● **Goal of the exercise**
Omit all images, then repeat exactly the lines below from the one containing "Trial) | Bigstock" through the one containing "Flight Deck L Adult Ski Goggles", both ends included.

● **The data**
**********

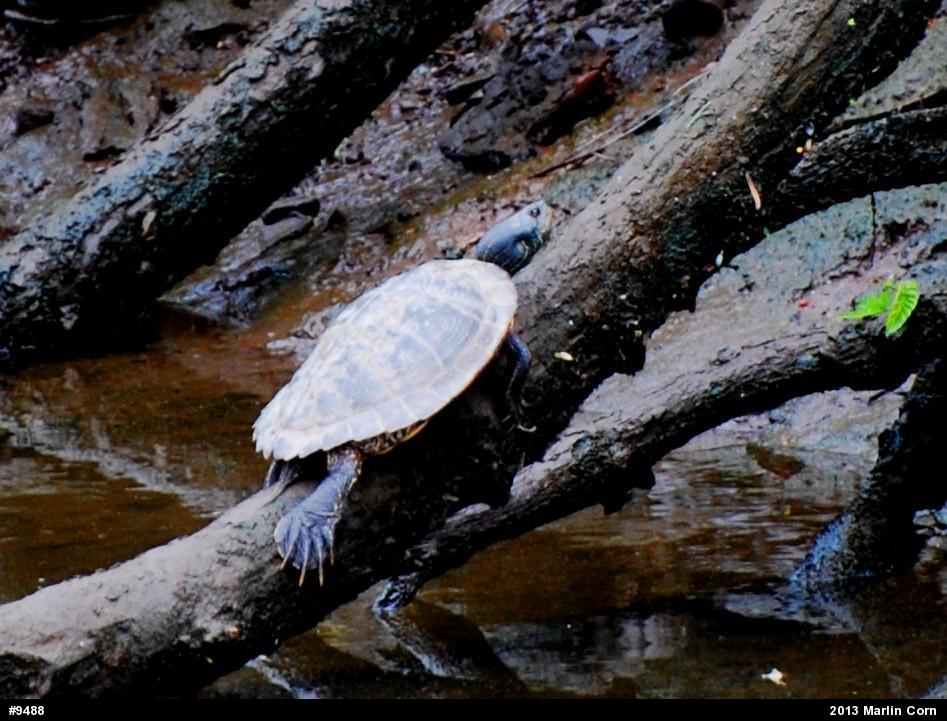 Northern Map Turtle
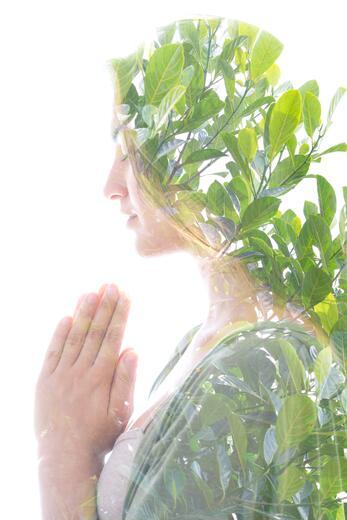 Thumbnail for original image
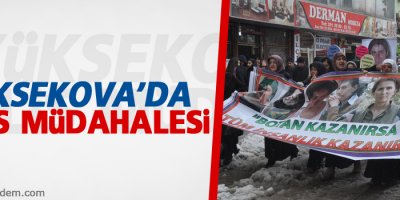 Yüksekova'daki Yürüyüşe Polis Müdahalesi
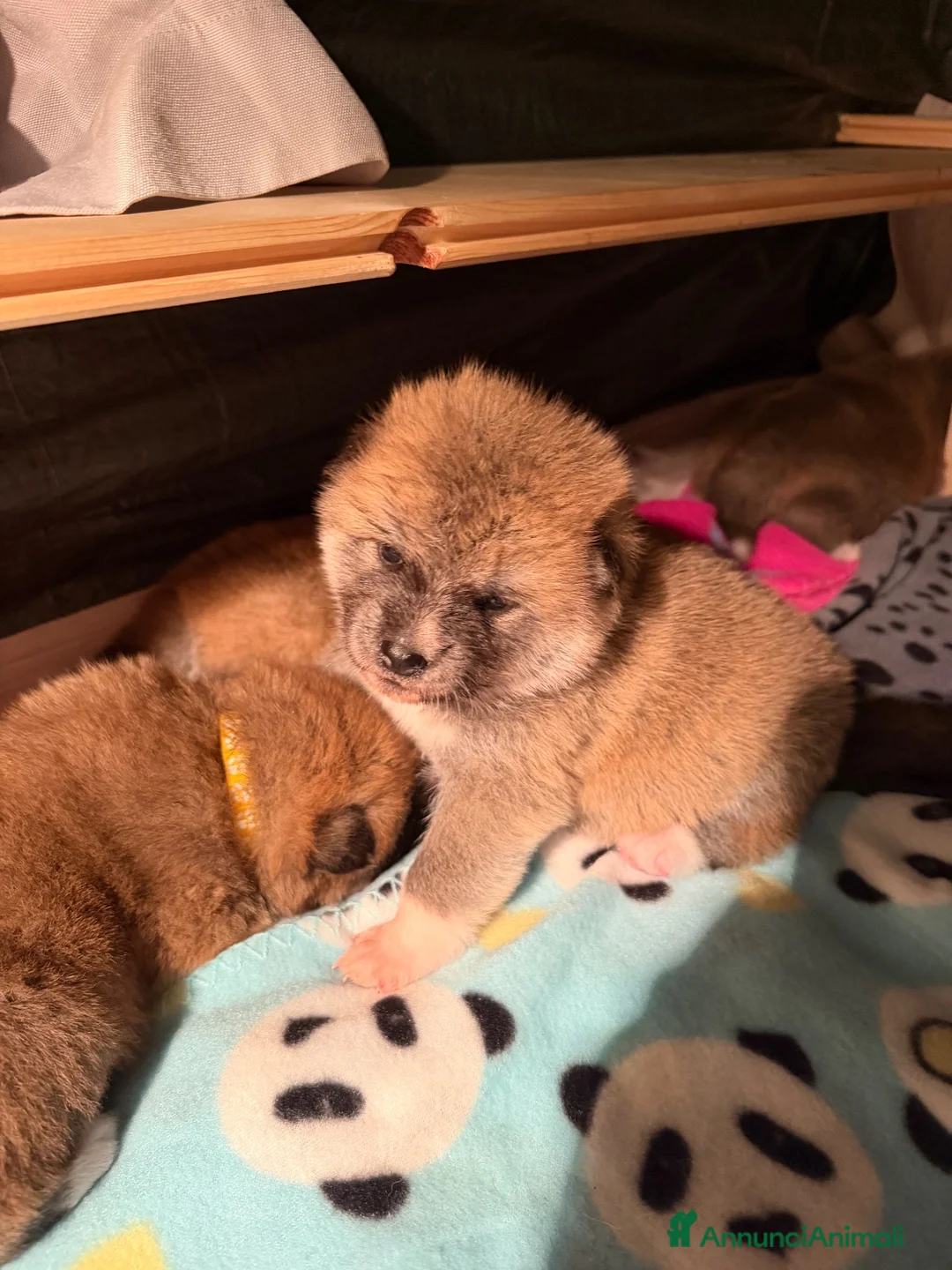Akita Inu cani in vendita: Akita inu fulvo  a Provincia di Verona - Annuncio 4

**********

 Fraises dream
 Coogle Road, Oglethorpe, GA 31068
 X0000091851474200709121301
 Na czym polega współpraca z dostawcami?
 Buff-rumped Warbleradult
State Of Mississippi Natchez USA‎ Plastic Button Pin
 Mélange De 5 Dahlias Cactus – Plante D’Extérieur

**********

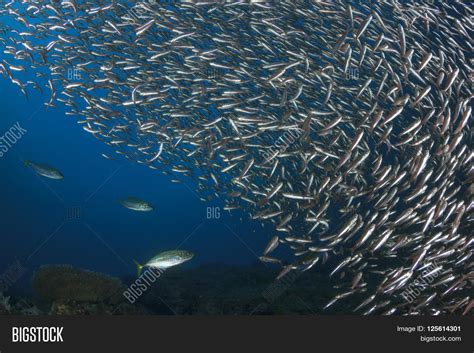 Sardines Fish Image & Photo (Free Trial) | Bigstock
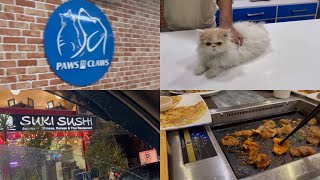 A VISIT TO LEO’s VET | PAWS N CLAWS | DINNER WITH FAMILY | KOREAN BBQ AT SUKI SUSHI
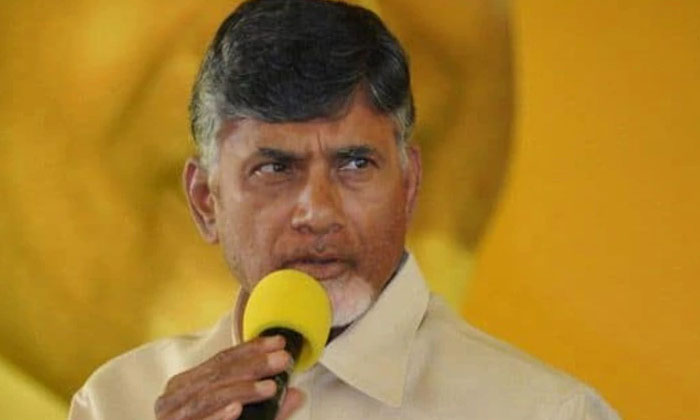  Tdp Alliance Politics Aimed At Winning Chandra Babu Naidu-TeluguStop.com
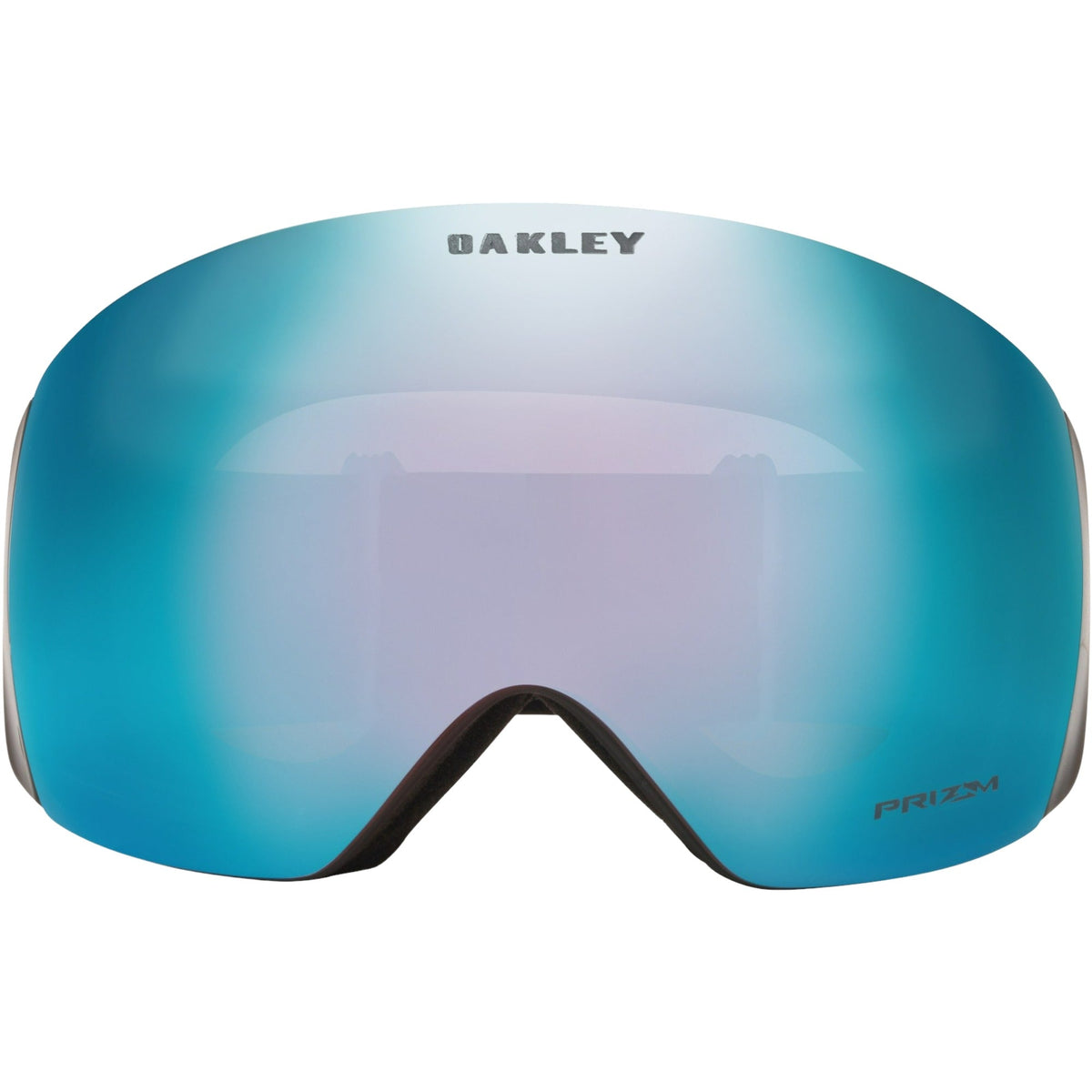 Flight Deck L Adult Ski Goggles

**********

● **Response to this exercise**
 Sardines Fish Image & Photo (Free Trial) | Bigstock
 A VISIT TO LEO’s VET | PAWS N CLAWS | DINNER WITH FAMILY | KOREAN BBQ AT SUKI SUSHI
  Tdp Alliance Politics Aimed At Winning Chandra Babu Naidu-TeluguStop.com
 Flight Deck L Adult Ski Goggles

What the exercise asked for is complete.